I have to say that my delayed uncoupling works very well. As stated above, everything has to be perfect …coupler height, coupler operation, and the air hose pins. Straight track is also needed. If you really need to have it near a curve, trial and error with the magnet placement below the track can work.

I don’t have mucho cars like many of you guys have, so keeping my small fleet of rolling stock’s couplers in absolute perfect condition is easier for me.

And everything KD.

Jim

Interesting, Last time this subject came up. I replied that I had good success with the Rix handheld uncoupler (which I still use for most situations) and was immediately told that the Bamboo Skewers worked much better and that no one still used the magnets… (well we all know that one isn’t true). From that thread, I tried the Bamboo skewers and found that they work quite well. As I said, interesting [;)]

I guess that there are many ways of uncoupling cars on layouts (which is true for most everything in the hobby). Enjoy your trains!

As mister B and others have mentioned, the couplers need to be nearly perfect.
The Kadee coupler is at it’s best when used w/ the Kadee draft box. I have found that the paint and micro defects on the shanks affect coupler operation at times. When installing any coupler, I rub the shank across a piece of 400/600 wet or dry- then burni***he shank with grease em (graphite) on card stock. This has worked quite well for me anyway. Any of my pieces of rolling stock will properly uncouple and delay as long as the trip pin/ magnet are in proper spec.
I have never had any luck w/ the plastic knock offs.

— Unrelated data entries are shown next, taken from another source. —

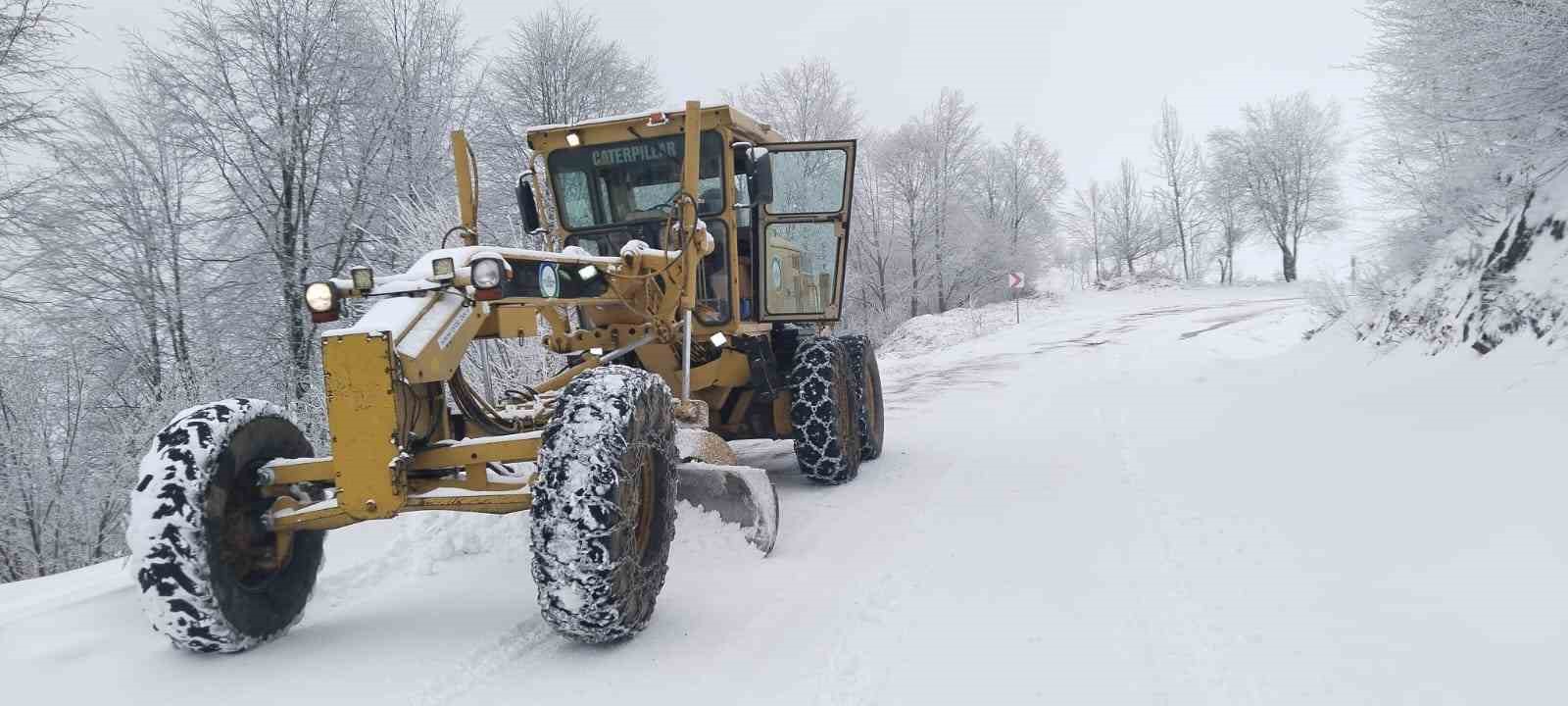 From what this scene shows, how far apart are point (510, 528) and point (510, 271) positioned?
1.81 meters

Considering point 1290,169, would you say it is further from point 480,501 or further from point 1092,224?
point 480,501

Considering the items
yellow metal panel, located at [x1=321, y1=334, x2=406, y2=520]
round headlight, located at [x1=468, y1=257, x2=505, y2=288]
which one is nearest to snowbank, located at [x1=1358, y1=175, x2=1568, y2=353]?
round headlight, located at [x1=468, y1=257, x2=505, y2=288]

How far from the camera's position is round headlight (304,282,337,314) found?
3.34 m

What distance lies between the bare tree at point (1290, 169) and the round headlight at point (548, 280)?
49.4 meters

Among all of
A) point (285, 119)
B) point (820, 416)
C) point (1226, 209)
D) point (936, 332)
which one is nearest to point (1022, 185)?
point (1226, 209)

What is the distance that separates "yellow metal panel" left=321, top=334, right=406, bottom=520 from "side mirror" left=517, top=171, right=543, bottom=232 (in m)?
3.38

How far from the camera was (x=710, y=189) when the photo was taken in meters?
5.99

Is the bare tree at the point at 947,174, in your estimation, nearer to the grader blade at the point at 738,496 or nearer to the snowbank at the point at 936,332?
the snowbank at the point at 936,332

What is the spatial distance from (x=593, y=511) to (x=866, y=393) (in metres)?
4.63

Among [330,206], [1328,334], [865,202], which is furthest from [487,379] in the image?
[865,202]

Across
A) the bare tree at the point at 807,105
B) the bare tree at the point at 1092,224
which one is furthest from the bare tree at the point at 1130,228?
the bare tree at the point at 807,105

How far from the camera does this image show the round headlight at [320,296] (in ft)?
11.0

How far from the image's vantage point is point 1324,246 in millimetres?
47125

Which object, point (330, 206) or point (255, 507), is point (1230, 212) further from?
point (255, 507) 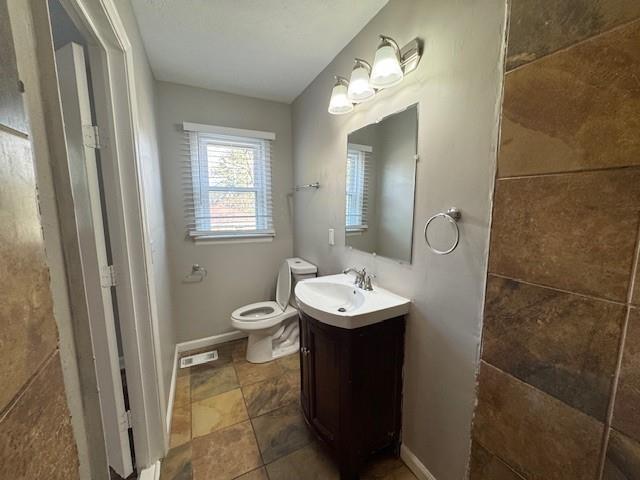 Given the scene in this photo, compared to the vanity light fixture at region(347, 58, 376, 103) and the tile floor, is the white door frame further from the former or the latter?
the vanity light fixture at region(347, 58, 376, 103)

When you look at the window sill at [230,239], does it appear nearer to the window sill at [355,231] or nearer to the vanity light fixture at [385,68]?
the window sill at [355,231]

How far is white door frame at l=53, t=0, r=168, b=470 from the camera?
110cm

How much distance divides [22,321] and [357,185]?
5.12ft

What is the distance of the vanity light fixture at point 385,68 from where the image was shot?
117cm

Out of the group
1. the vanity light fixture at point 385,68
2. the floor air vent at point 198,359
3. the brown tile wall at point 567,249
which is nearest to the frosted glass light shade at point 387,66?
the vanity light fixture at point 385,68

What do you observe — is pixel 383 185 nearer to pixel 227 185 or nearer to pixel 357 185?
pixel 357 185

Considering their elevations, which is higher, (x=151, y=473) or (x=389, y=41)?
(x=389, y=41)

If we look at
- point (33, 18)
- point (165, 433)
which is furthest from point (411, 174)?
point (165, 433)

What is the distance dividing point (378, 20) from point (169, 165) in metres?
1.86

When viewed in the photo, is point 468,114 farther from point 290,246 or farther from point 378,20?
point 290,246

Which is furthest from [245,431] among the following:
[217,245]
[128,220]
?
[217,245]

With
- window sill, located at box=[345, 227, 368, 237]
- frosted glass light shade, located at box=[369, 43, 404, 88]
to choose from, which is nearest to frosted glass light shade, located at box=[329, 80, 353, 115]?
frosted glass light shade, located at box=[369, 43, 404, 88]

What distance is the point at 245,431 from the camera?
1594 mm

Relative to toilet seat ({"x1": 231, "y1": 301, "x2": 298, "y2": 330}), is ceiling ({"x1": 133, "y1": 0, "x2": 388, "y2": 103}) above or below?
above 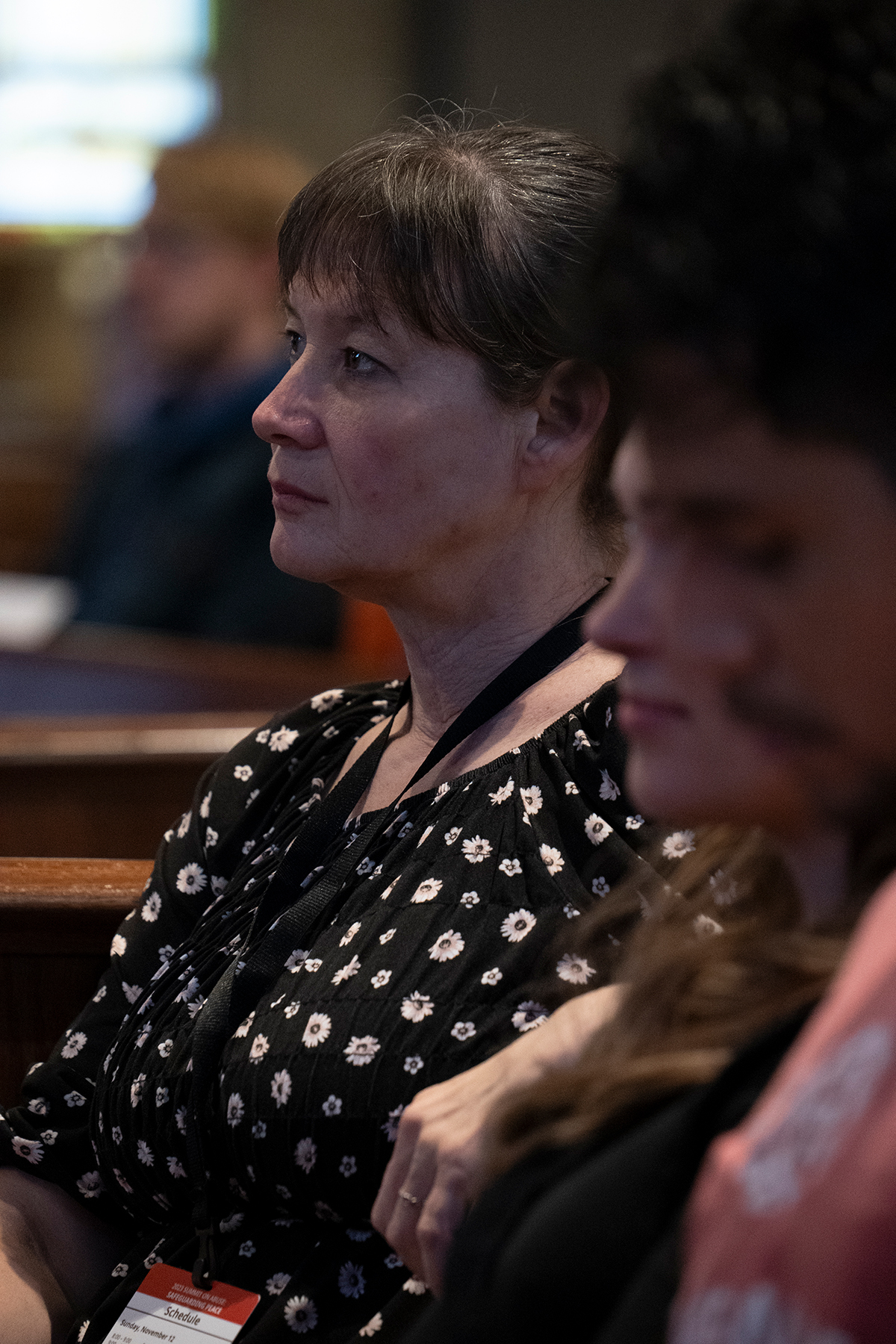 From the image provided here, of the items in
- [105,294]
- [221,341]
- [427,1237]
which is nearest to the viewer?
[427,1237]

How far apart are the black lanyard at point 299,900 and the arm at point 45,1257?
176 millimetres

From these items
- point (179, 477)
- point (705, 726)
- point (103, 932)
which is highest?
point (705, 726)

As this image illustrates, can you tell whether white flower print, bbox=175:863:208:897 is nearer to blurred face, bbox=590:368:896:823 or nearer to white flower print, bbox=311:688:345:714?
white flower print, bbox=311:688:345:714

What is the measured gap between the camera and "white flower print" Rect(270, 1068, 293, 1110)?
3.30 ft

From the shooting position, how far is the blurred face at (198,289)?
339cm

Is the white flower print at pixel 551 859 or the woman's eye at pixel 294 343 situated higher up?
the woman's eye at pixel 294 343

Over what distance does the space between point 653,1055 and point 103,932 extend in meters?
0.88

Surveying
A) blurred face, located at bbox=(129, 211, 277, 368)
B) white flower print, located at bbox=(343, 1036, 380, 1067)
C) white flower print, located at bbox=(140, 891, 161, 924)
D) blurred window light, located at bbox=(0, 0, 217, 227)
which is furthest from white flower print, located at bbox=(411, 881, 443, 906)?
blurred window light, located at bbox=(0, 0, 217, 227)

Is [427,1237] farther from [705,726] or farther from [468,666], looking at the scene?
[468,666]

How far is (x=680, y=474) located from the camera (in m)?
0.57

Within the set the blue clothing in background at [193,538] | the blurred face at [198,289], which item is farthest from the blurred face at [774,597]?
the blurred face at [198,289]

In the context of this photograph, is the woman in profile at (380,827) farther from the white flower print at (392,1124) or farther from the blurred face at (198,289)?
the blurred face at (198,289)

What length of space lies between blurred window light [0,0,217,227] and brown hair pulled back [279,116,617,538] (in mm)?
5255

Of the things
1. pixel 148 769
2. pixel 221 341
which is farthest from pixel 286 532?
pixel 221 341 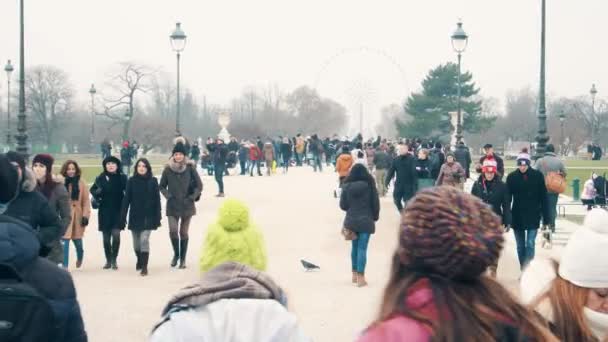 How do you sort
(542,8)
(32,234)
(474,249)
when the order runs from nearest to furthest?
(474,249) < (32,234) < (542,8)

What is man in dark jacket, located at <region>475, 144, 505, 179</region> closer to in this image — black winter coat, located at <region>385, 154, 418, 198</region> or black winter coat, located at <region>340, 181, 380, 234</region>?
black winter coat, located at <region>385, 154, 418, 198</region>

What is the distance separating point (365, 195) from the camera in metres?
12.0

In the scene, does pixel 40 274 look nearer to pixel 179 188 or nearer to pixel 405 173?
pixel 179 188

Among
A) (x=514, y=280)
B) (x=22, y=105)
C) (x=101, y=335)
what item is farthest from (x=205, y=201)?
(x=101, y=335)

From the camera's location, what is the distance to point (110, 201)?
1327cm

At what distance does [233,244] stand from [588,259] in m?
1.38

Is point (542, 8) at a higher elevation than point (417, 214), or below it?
higher

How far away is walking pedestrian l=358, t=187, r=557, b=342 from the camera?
262 cm

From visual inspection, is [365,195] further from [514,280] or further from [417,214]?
[417,214]

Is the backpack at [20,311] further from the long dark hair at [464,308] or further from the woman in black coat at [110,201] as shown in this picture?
the woman in black coat at [110,201]

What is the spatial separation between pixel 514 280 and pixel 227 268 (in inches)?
370

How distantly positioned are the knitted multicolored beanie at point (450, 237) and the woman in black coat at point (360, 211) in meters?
9.02

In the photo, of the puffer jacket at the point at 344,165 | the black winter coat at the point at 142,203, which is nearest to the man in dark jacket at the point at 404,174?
the puffer jacket at the point at 344,165

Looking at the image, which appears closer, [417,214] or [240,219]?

They are always tossed along with the provided Kadee looking bronze centering spring. You can place the springs side by side and never tell the difference, however, not sure if the knock off is a quality spring alloy- they don’t work as good as the Kadee.
Bob K.

I use the Kadee #308 under-track uncouplers and find that they work very well, EXCEPT they are so powerful that any cars with steel weights inside are attracted to the magnet, making uncoupling problematic. I generally replace the steel weights with ones made from 3/32 x 1 inch brass stock, available at the LHS. Unfortunately I have some RTR cars (Red Caboose X29 boxcar, for instance) where I cannot gain access to the interior of the car to change the weights.

It must be on level and straight track. If the magnet is on straight track and the car is comming out of a curve or going into a curve ( as close to a switch) it won’t work properly. Move it at least a car length away from any curved track or switch. On my pike I have very little trouble. Not perfect but working. The real railroads DO have trouble sometimes with couplers. I watch them closely every day at work as I am a trailer jockey at an auto plant and the trains are always in my way.